• [SUPPLIED DATA]
=== Begin Enclosure ===
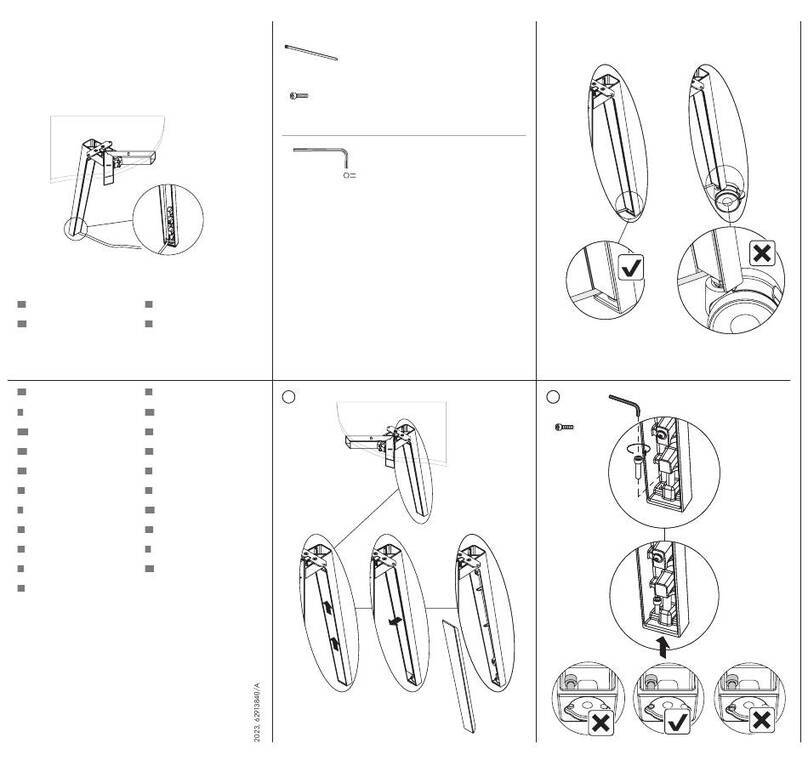 VITRA Joyn 2 User manual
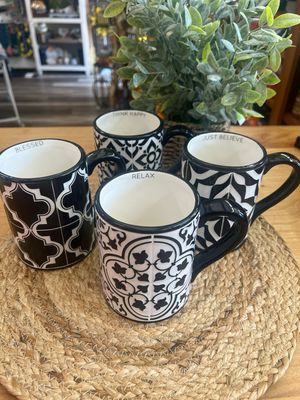 Moroccan Tile Mug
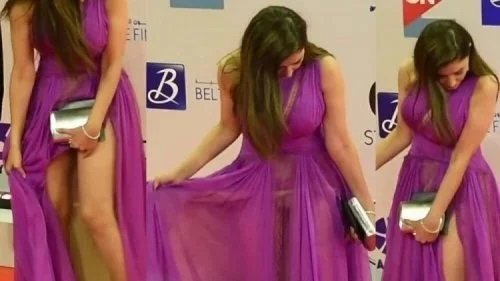 شاهد .. الجميلة مي عمر عملت  بوصلة رقص بلدي على واحدة ونص.. اجدع من صافيناز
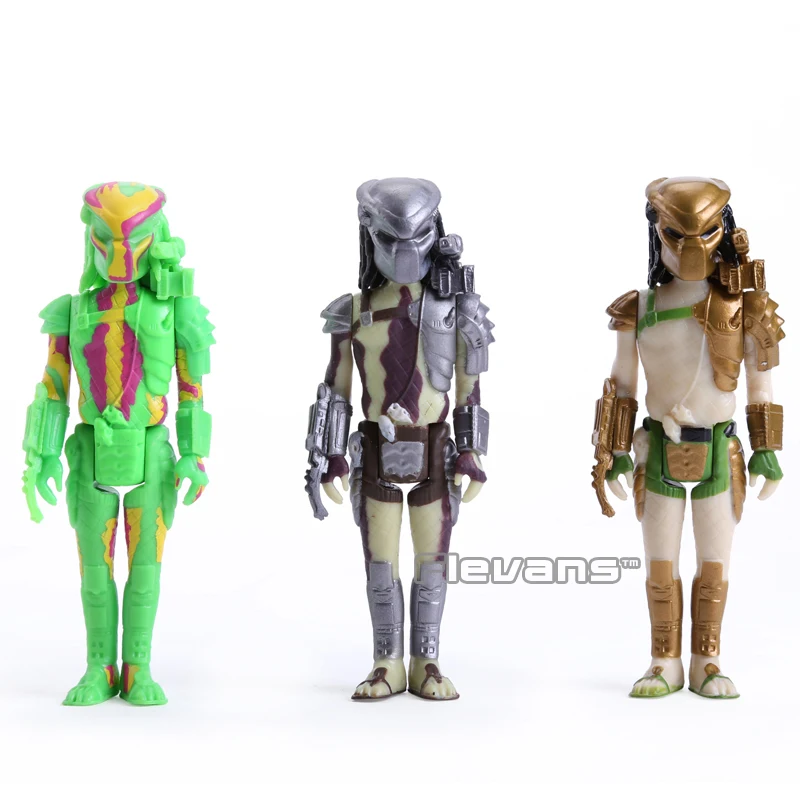 Хищники ПВХ Фигурки игрушки 4 &quot10 см Фильмы и ТВ хобби 7 шт./компл. | Игрушки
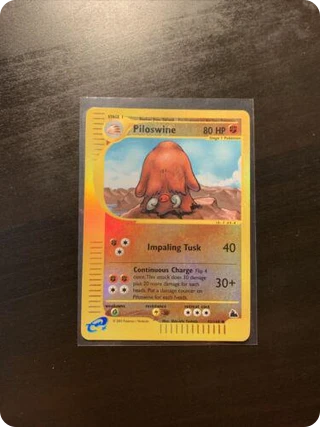 Piloswine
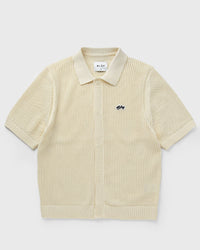 Olaf Knit Polo Yellow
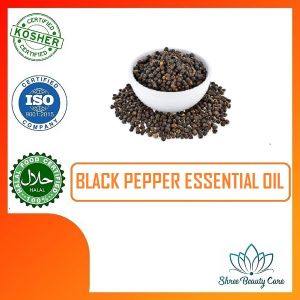 Black Pepper Essential Oil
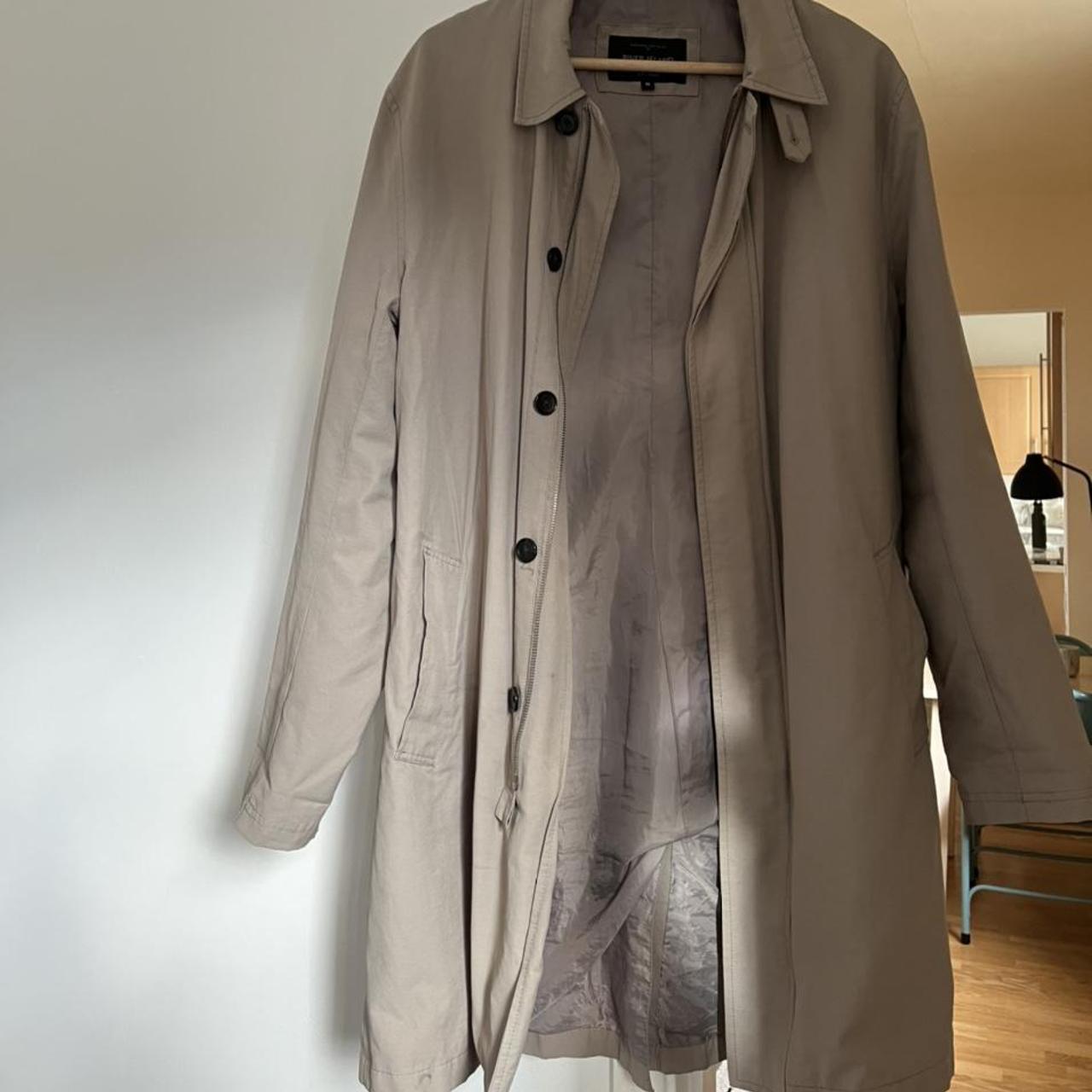 Lightweight on sale mac coat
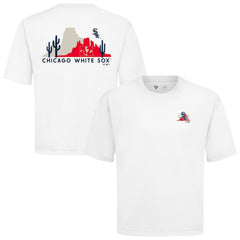Chicago White Sox Levelwear Panoramic Luxe Signature Knit T-Shirt - MLB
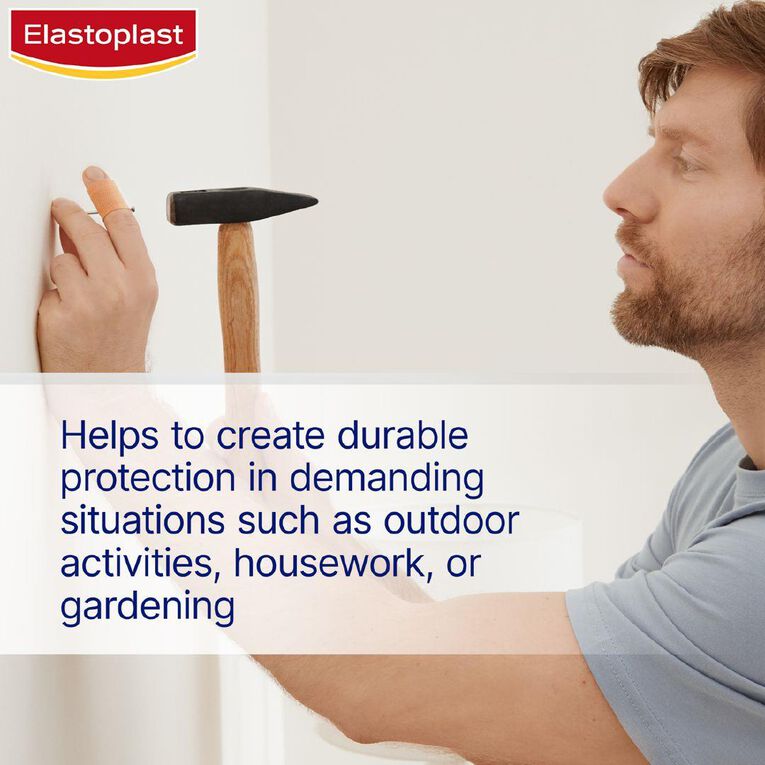 Elastoplast Heavy Fabric Waterproof Strips 16 Pack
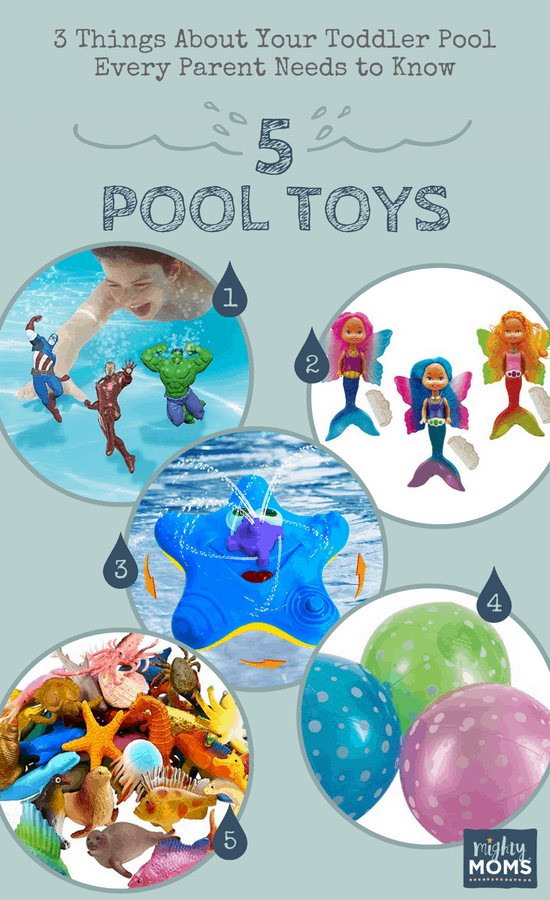 Pool Toys Your Toddler Will Love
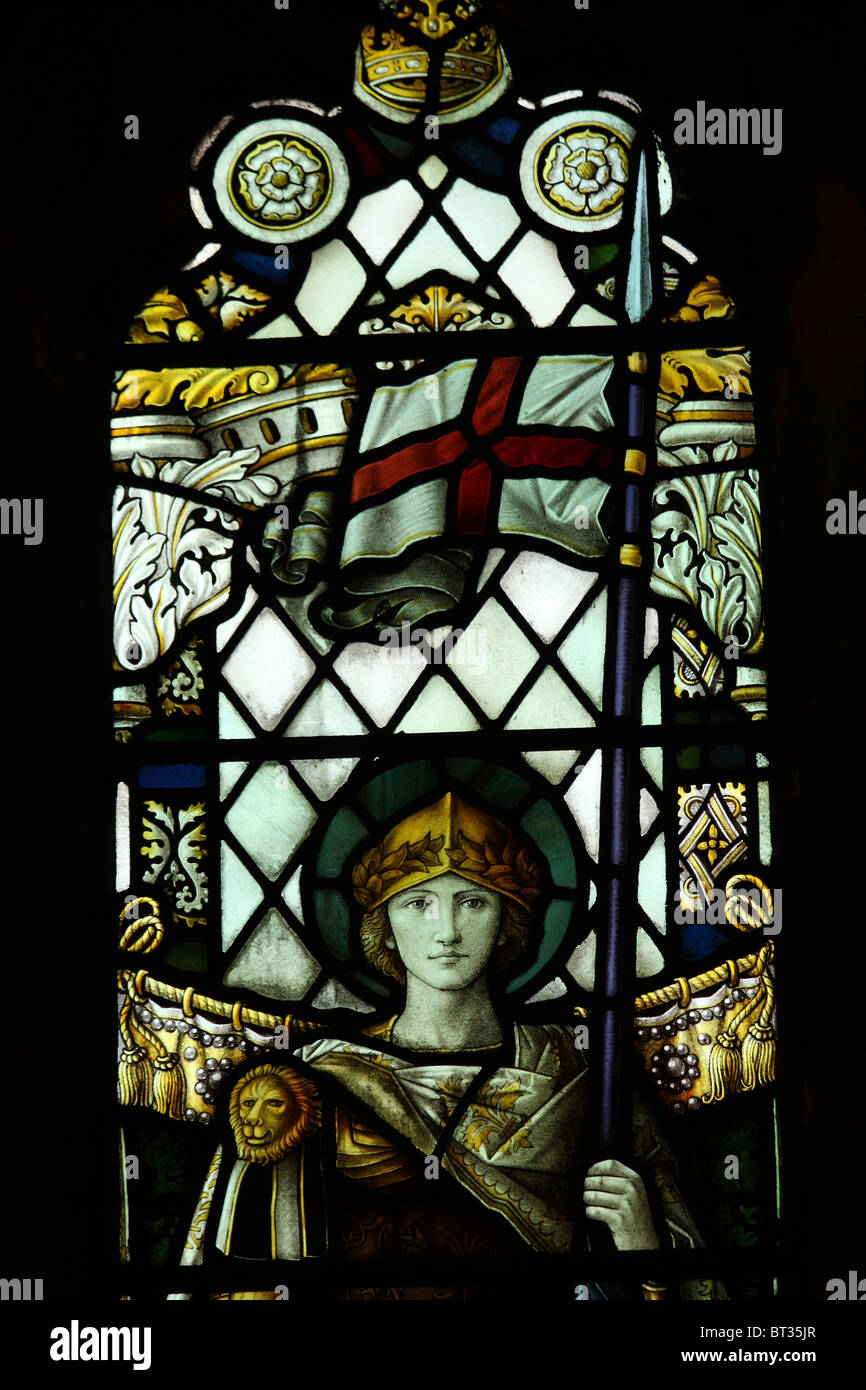 Saint stained glass window hires stock photography and images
=== End Enclosure ===
• [ASSIGNMENT]
The response should contain every record above exactly as written, and none of the pictures.

• [ANSWER SECTION]
 VITRA Joyn 2 User manual
 Moroccan Tile Mug
 شاهد .. الجميلة مي عمر عملت  بوصلة رقص بلدي على واحدة ونص.. اجدع من صافيناز
 Хищники ПВХ Фигурки игрушки 4 &quot10 см Фильмы и ТВ хобби 7 шт./компл. | Игрушки
 Piloswine
 Olaf Knit Polo Yellow
 Black Pepper Essential Oil
 Lightweight on sale mac coat
Chicago White Sox Levelwear Panoramic Luxe Signature Knit T-Shirt - MLB
 Elastoplast Heavy Fabric Waterproof Strips 16 Pack
 Pool Toys Your Toddler Will Love
 Saint stained glass window hires stock photography and images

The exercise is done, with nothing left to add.